Lascio l’ufficio, poco prima delle ore 14.00 in centro città a Napoli, diretto alla stazione centrale. La mia meta è Cariati, piccolo comune del basso ionio cosentino, dove è in vacanza la famiglia. 

Un territorio incantevole e dai tratti ancora molto naturali. Dove sapori, profumi e saperi si mescolano in modo perfetto tra di essi, creando una magia unica e particolarmente avvolgente, dalla quale vieni catturato sin dal primo momento che ci metti piede. 

Questa parte del nostro basso Stivale è servita molto male, meglio dire proibitiva, dalla linea ferroviaria. Mancano le infrastrutture viarie che renderebbero più facile il raggiungimento dell’area. 

Allora opto per il servizio pullman, settore dei trasporti dove è arrivata a dettare il mercato addirittura, da meno di un anno, la multinazionale tedesca riconosciuta dal colore simbolo verde. Una scelta che la dice lunga sull’arretrato Mezzogiorno d’Italia. 

Incrocio prima di salire a bordo un po’ di viaggiatori in attesa, che hanno scolpito sui propri volti le meritate vacanze. Ebbene mi trovo a viaggiare, mi era già capitato nelle settimane precedenti, di fianco a una famiglia che alla prima apparenza non mi è sembrata italiana. Dal loro accento ho pensato che provenissero dal Nord Italia, in viaggio verso il luogo del loro meritato riposo. Sono giovanissimi con una bambina dagli occhioni vispi di poco meno di otto anni. 

Ascolto i loro dialoghi e mi incuriosisco immediatamente alle parole che si scambiano. Mi accorgo subito che mi sono sbagliato e anche di tanto. Comprendo dai loro racconti che sono originari della Calabria e proprio del paese dove sono diretto. Chi l’avrebbe mai detto. Insomma, il loro accento ormai ha perso ogni flessione locale. La loro figlia parla entrambe le lingue, ma con l’italiano fa più fatica. In casa mi raccontano che si parla rigorosamente la lingua madre. 

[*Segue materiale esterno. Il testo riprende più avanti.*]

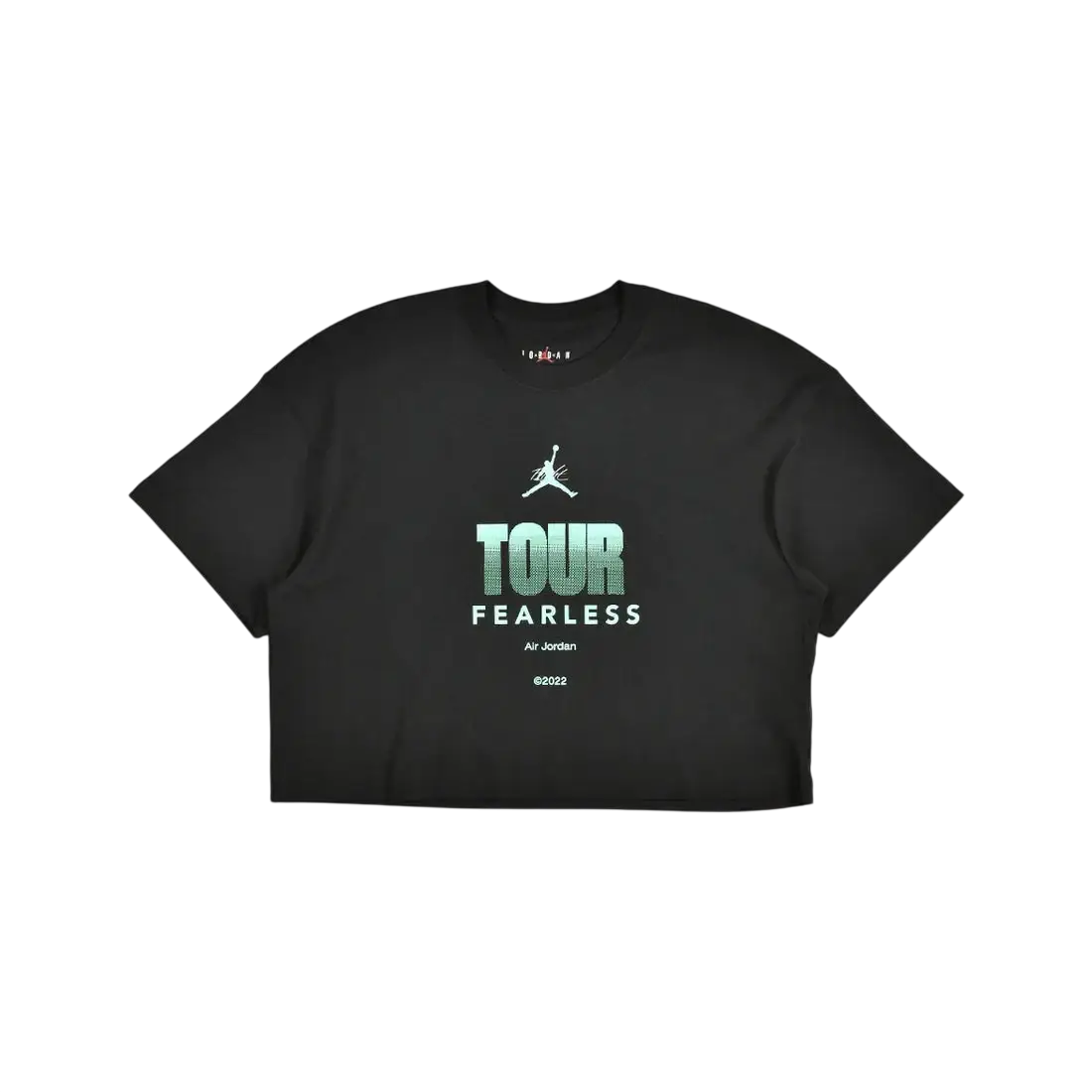Black cropped women’s Jordan Fearless Tour boxy crew tee with glowing teal tour fearless graphic and air Jordan logo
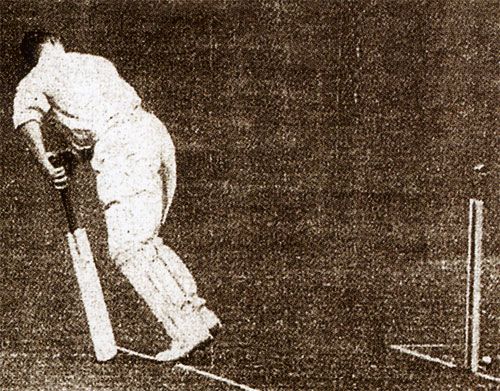 Percy Holmes loses his off stump to Mohammad Nissar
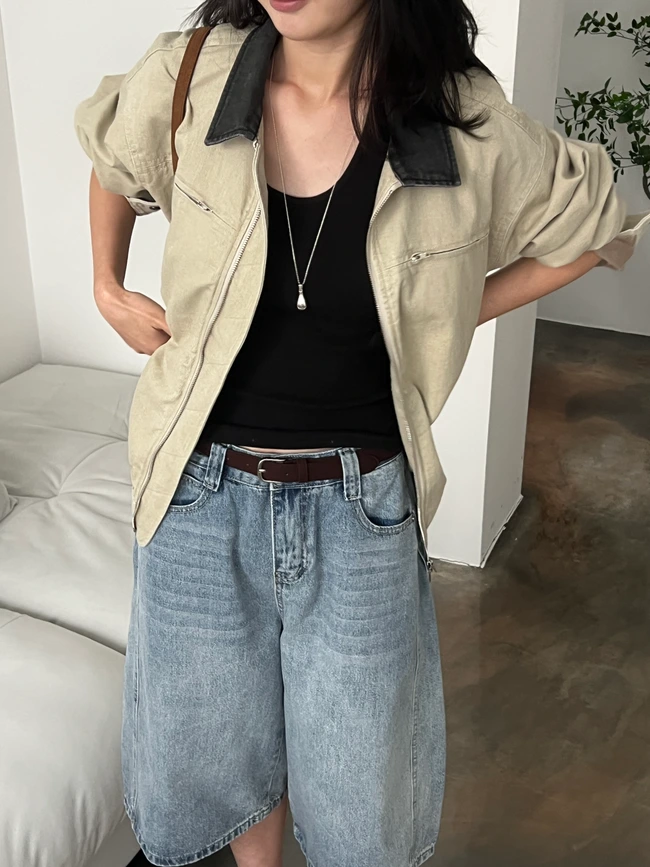 워싱 배색 워크자켓 2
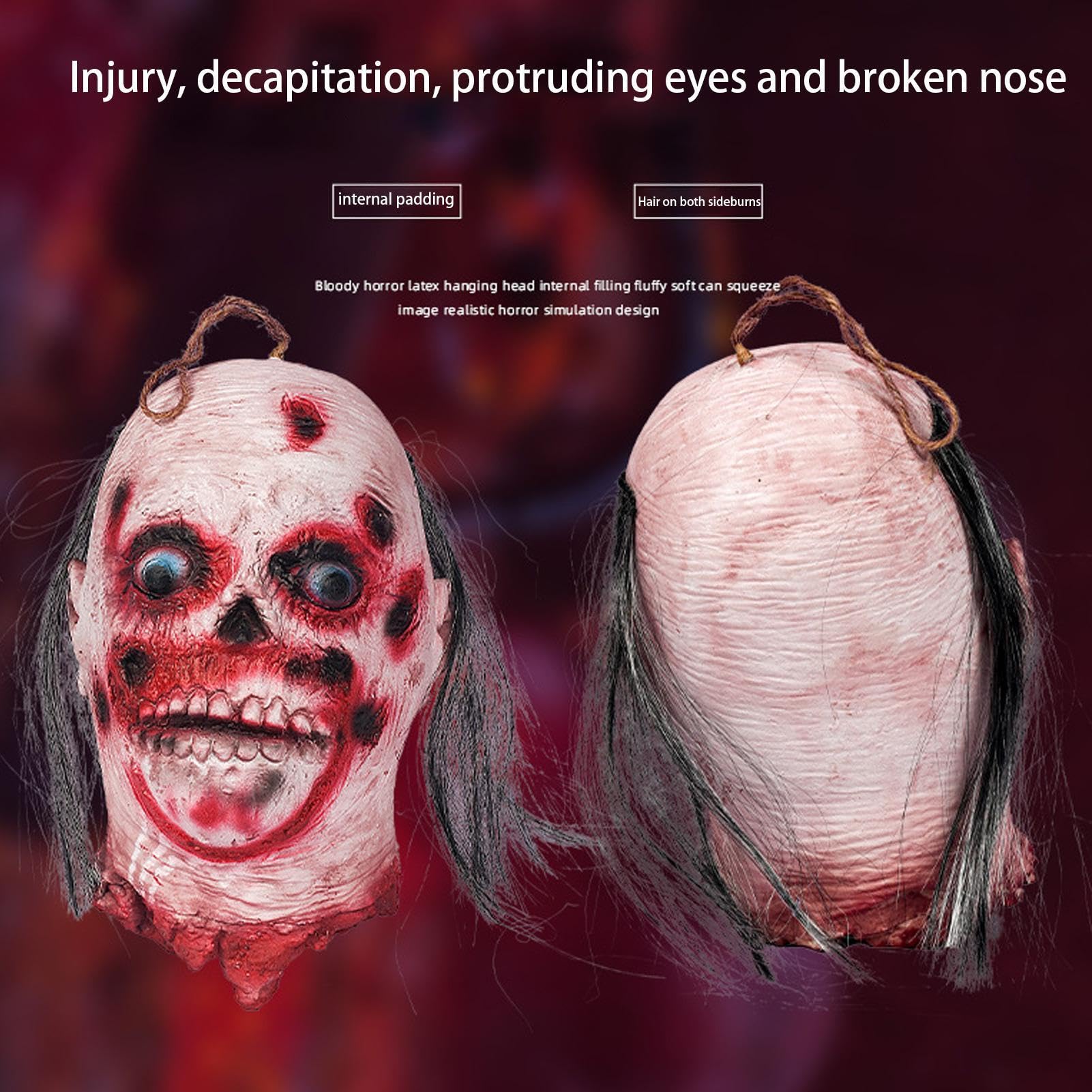 Accesorios de Halloween con Peluca Herida de Miedo Realista Sin Olor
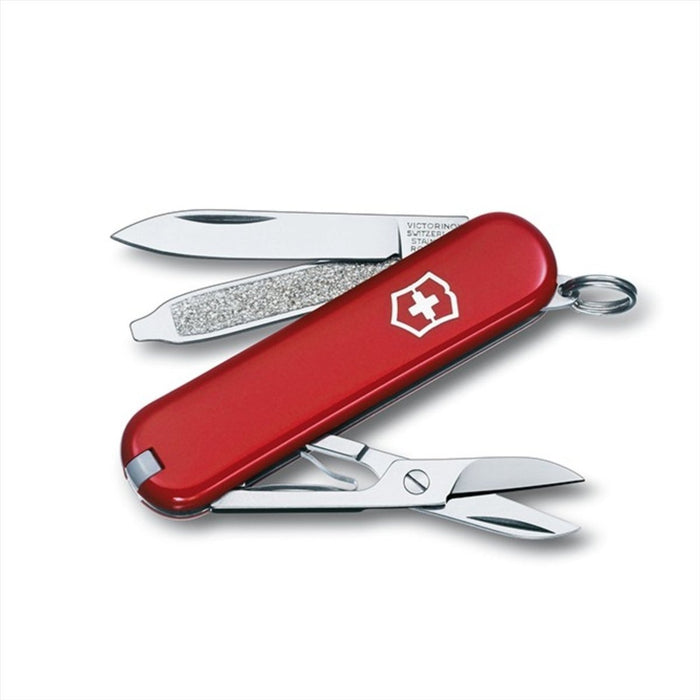 Couteau suisse Victorinox Classic SD avec 7 fonctions, manche Cellidor rouge et design compact de 58 mm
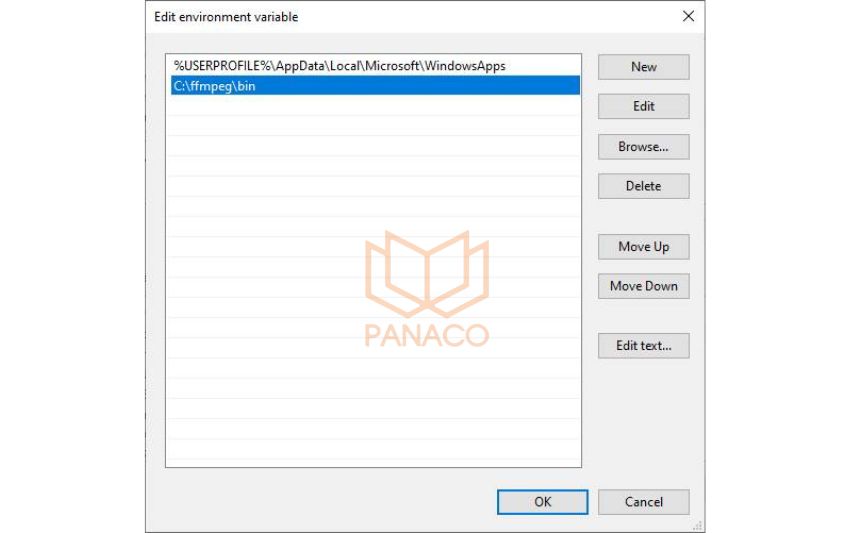 Cài đặt phần mềm FFmpeg C:\ffmpeg\bin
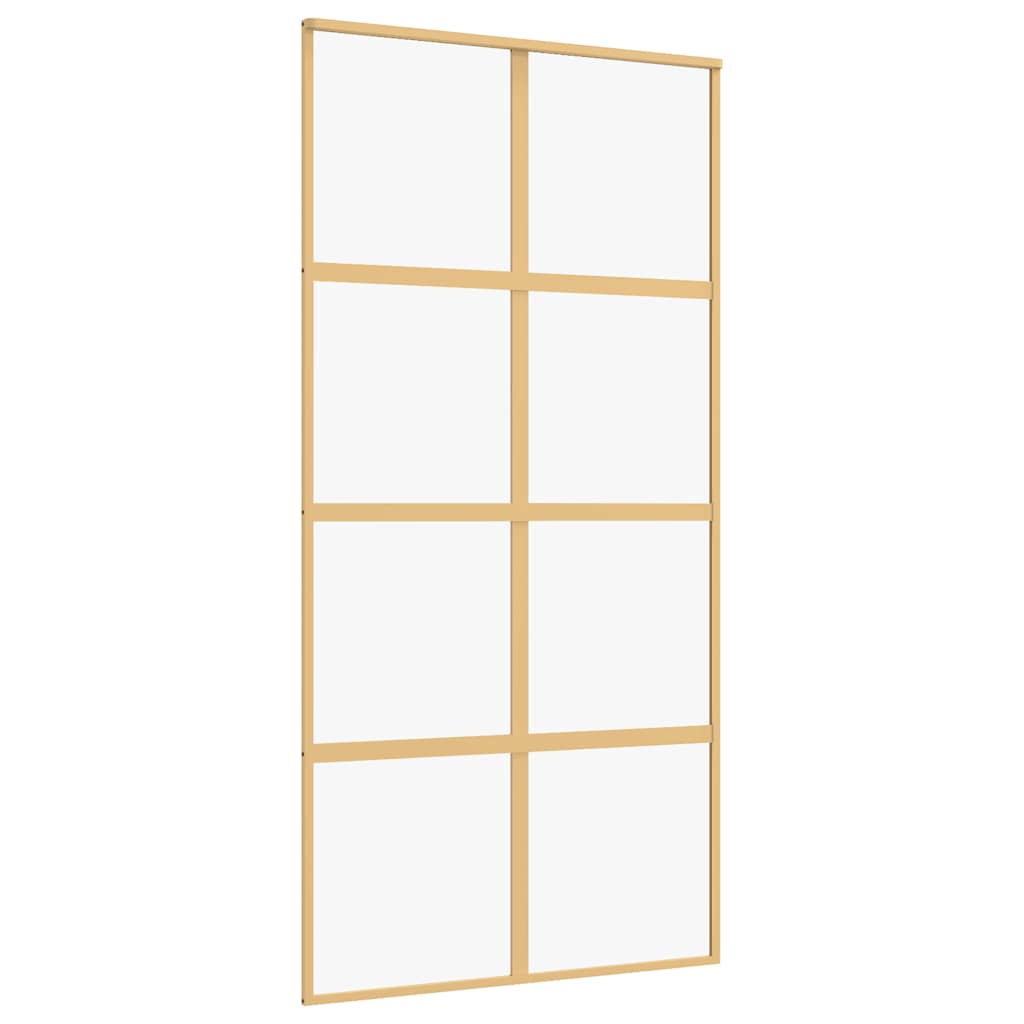vidaXL Sliding Door Gold 102.5x205 cm Clear ESG Glass and Aluminium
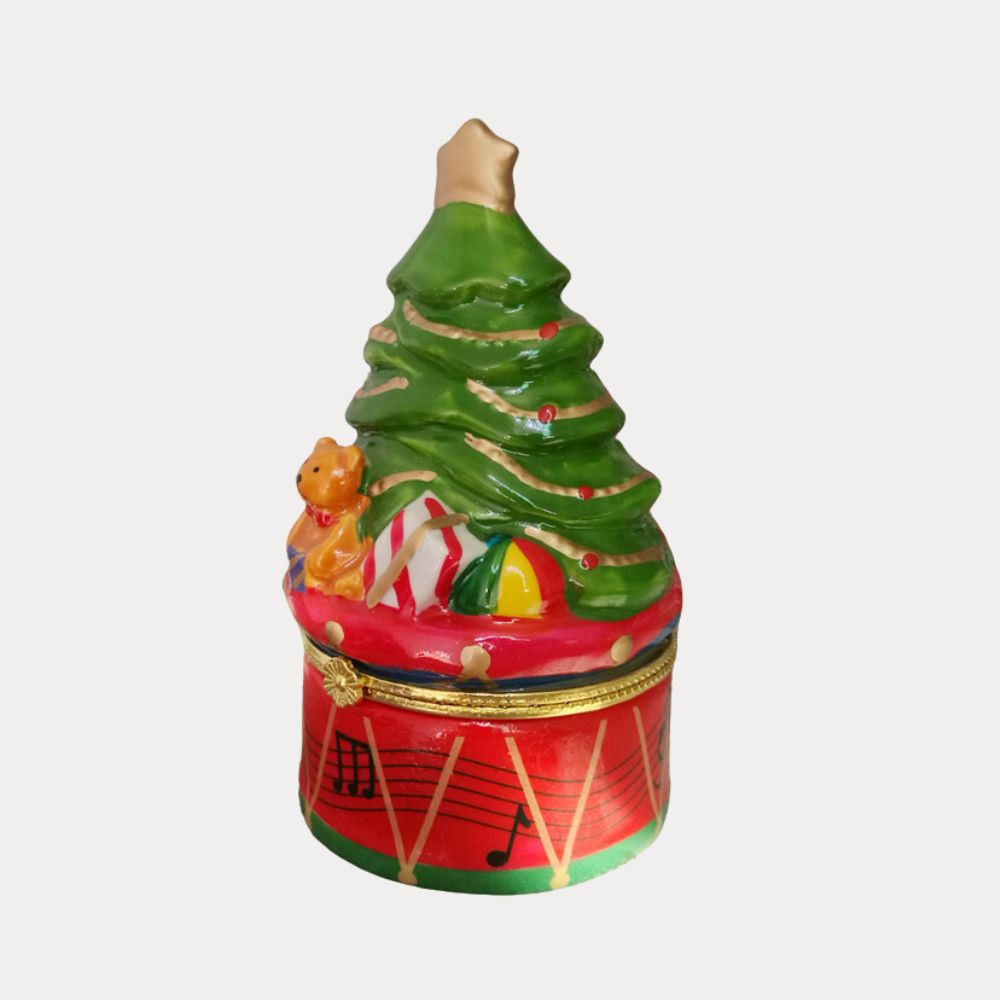 Christmas Tree Drum & Teddy Bear Trinket Box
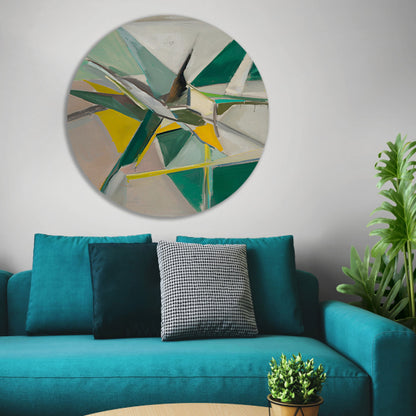 Abstract  met Groene en Gele Verf aluminium muurcirkel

Ciò mi fa riflettere e immaginare su come ormai mischiare le nazionalità è un gioco da bambini, in un mondo sempre più globalizzato. La coppia lavora in Germania e si sono conosciuti oltre confine. I loro genitori sono emigrati nei lontani anni settanta, quando allora come oggi la ricerca di un impiego stabile si palesa sempre con difficoltà irrisolvibili. 

Si sono sposati da qualche anno e sono molto contenti di vivere lì. Non fanno che raccontarmi degli innumerevoli servizi pubblici di cui possono disporre, a confronto di una parte d’Italia, quella in questione, che abbandonata è dir poco. Me lo ripetono sino ad esasperare il fenomeno. È paradossale che non ci sono termini di paragone. Infatti, visto l’andazzo locale è impossibile fare minimamente un confronto. 

Mi raccontano di un sistema scolastico che prepara i bambini sin da piccoli al domani. Coltivando e sviluppando da subito le predisposizioni e capacitá  che mostrano i più piccoli. Ponendoli subito al cospetto degli scenari futuri in tema di lavoro. 

Mi dicono che non sarebbero più capaci di tornare alle origini e che una volta dalle loro parti, solo qualche settimana d’estate e non sempre, resistono molto poco. Riscontrano una realtà sempre più arretrata, dove tutto è restato immobile da quando sono partiti, se non con evidenti passi indietro rispetto alla loro adolescenza.  

Vedono i loro luoghi di origine senza alcuna speranza. Denunciano un’assuefazione di chi ci vive sempre più al peggio. La circostanza mi fa capire che ormai non si sentono più italiani se non per l’anagrafe. Non so cosa pensare. Comunque come dargli torto visto il contesto circostante. 

E allora, mi domando, quando riusciranno i nostri amministratori centrali e locali a fermare il triste fenomeno dell’emigrazione, che sembra a tutti gli effetti riprendere forza e vigore? 

Era sembrato che si fosse fermato, ma da quanto raccolto mi sembra addirittura aumentato. Lo spopolamento di molti piccoli paesi del Sud Italia è dovuto principalmente alla preoccupante circostanza, della quale sento parlare sempre meno come se fosse un problema solo apparente. 

Forse è arrivato il momento di fare sul serio. Mi sbaglio?